Sunday marked a sweet start to Labor Day Weekend at the J.W. Marriot as the culinary team unveiled a 100-pound donut.
The monstrosity of a donut is not for the average donut consumer. Chef Dominquez Nancy and Chef Peter Smith are smashing records with the massive raspberry jelly-filled creation.
“We wanted to do something fun, we wanted to do something that people would enjoy,” Smith said. “Something you can really get into and smash in someone’s face.”
Topped with 18 pounds of fondant, five pounds of icing, oozy pink chocolate and of course, sprinkles, the 25-thousand calories can’t hurt, right?
The process takes two days, so the actual baking of the famous cake donut started Saturday. The day of the unveiling, Sunday, was dedicated to frosting and decorating the magnificent creation.

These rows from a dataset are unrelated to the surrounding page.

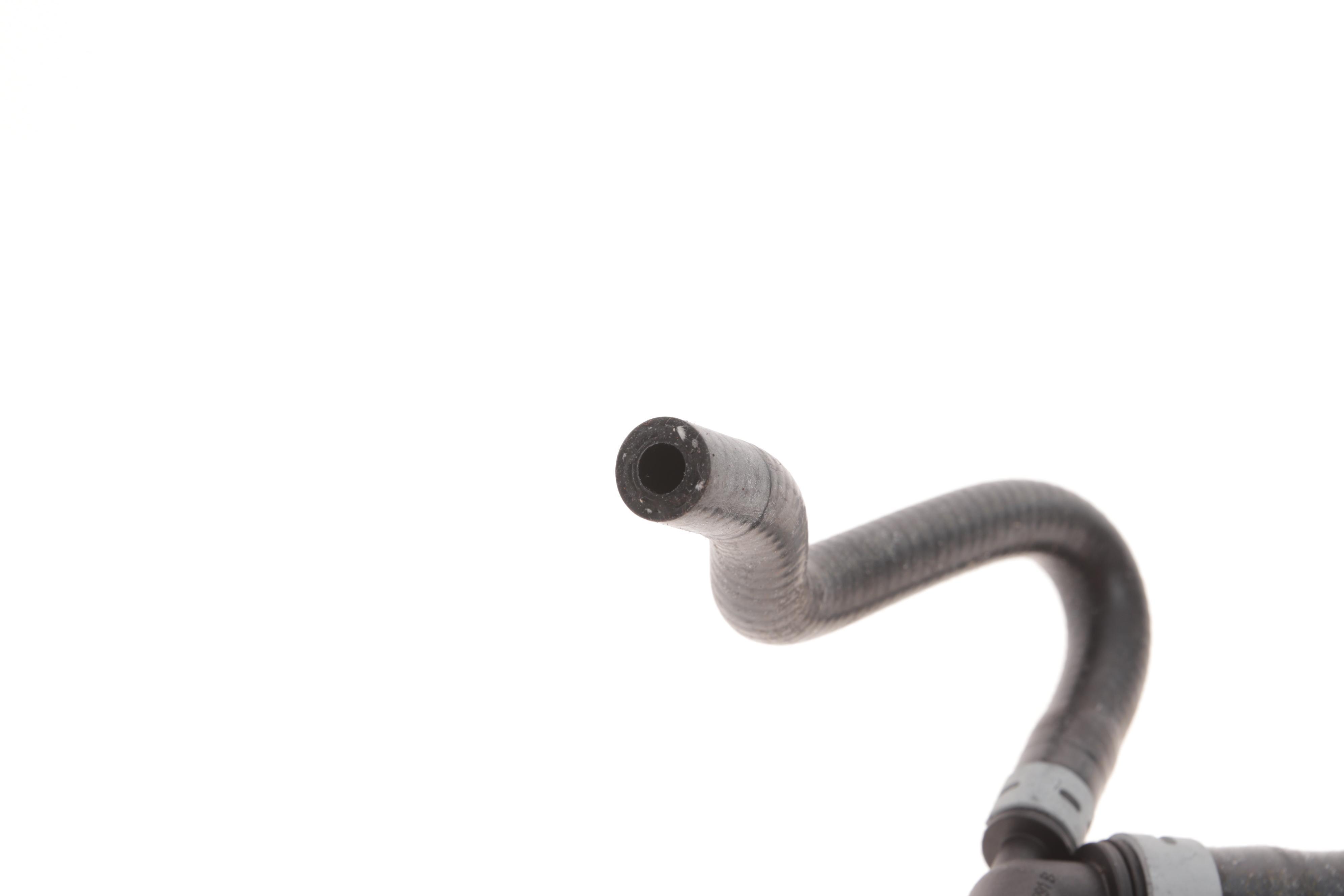 Патрубок системи охолодження Audi A3/Skoda Octavia/VW Golf IV 1.6 00-10 (к-кт в зборі)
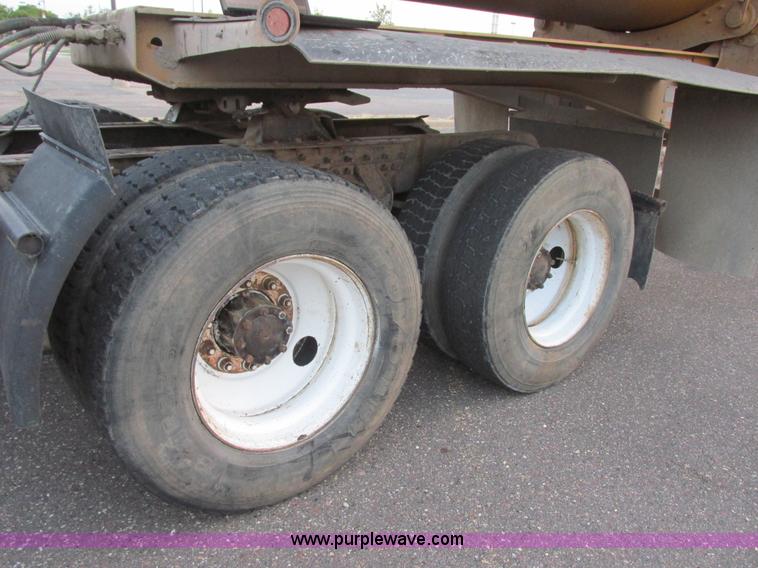 image for item I6199 1999 Mack CH613 semi truck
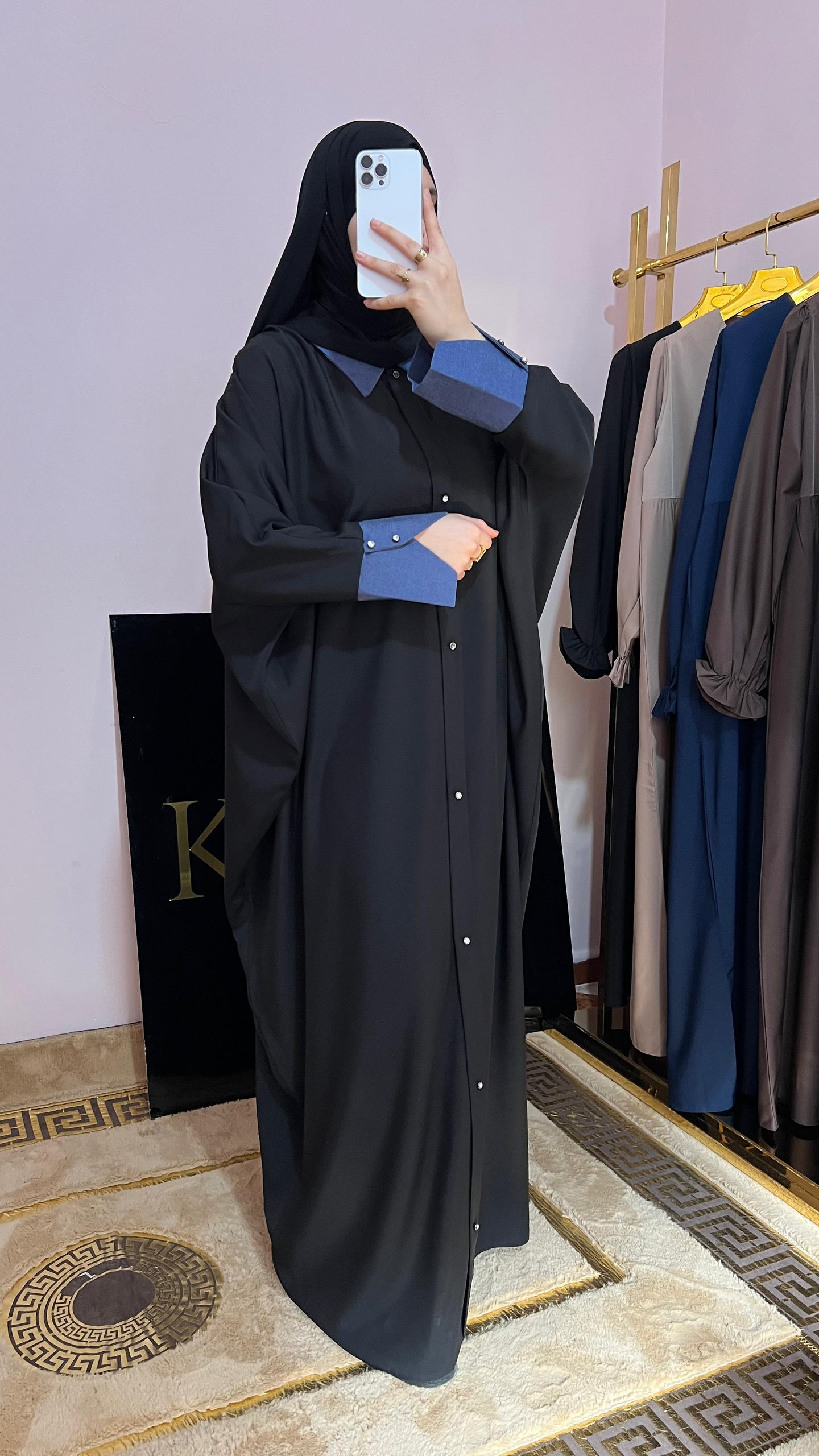 العباءة الياسمين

The first step: icing. The chefs draped the vanilla chiffon cake with an Italian buttercream frosting, smoothed to perfection.
Next, the donut began to take its round shape when the gently crafted sheets of flattened fondant were placed in fourths on top.
After that, “Chef Dom” fired up the airbrush to paint on the finishing touches with a coffee glaze, making the dough appear to be fresh out the fryer – and don’t forget more icing.
Last but not least, the made-from-scratch rainbow sprinkles because who doesn’t want sprinkles on their donut? Finally, some glitter for good luck.
Fifteen pounds of sugar and jelly-filled goodness later, we “donut” think anyone left without a smile on their face and a sugar-high.
The fun didn’t stop there. Some sneaked off to the bar for a taste of the Pink Flamingo, another large-scale strawberry milkshake concoction with, you guessed it, more donuts.
KMIR tried the donut. Verdict: excellent.